Exercise materials ▸
......

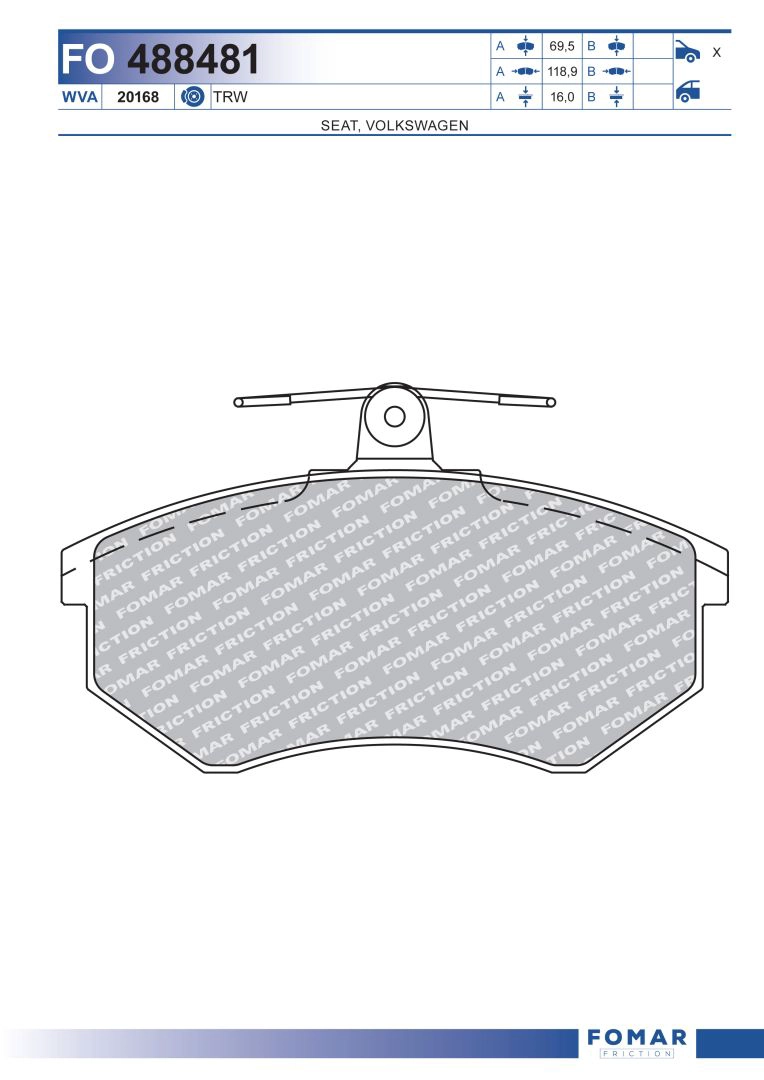 FO 488481
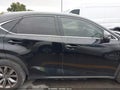 2016 Lexus NX 200t — photo 13 of 16 | VIN JTJBARBZ4G2050188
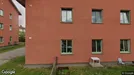 Lägenhet att hyra, Linköping, &lt;span class=&quot;blurred street&quot; onclick=&quot;ProcessAdRequest(5378103)&quot;&gt;&lt;span class=&quot;hint&quot;&gt;Se gatunamn&lt;/span&gt;[xxxxxxxxxx]&lt;/span&gt;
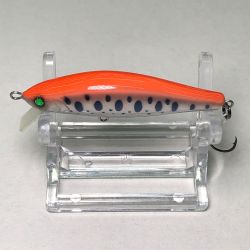 ΣΣ  レイチューン ハンドメイドルアー Cランク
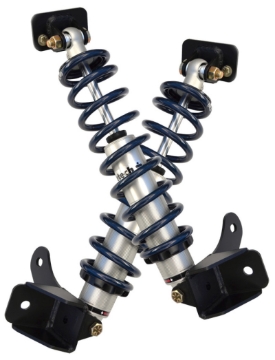 Picture of Ridetech 78-88 GM G-Body CoilOver Rear System HQ Series Pair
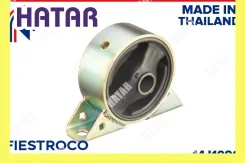 ����� ��������� ����� ������� Fiestroco 14J1090 14J1090 ����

......

Exercise ▸ With every picture removed, give the entries above again exactly.

Written response ▸
 FO 488481
 2016 Lexus NX 200t — photo 13 of 16 | VIN JTJBARBZ4G2050188
 Lägenhet att hyra, Linköping, &lt;span class=&quot;blurred street&quot; onclick=&quot;ProcessAdRequest(5378103)&quot;&gt;&lt;span class=&quot;hint&quot;&gt;Se gatunamn&lt;/span&gt;[xxxxxxxxxx]&lt;/span&gt;
 ΣΣ  レイチューン ハンドメイドルアー Cランク
 Picture of Ridetech 78-88 GM G-Body CoilOver Rear System HQ Series Pair
 ����� ��������� ����� ������� Fiestroco 14J1090 14J1090 ����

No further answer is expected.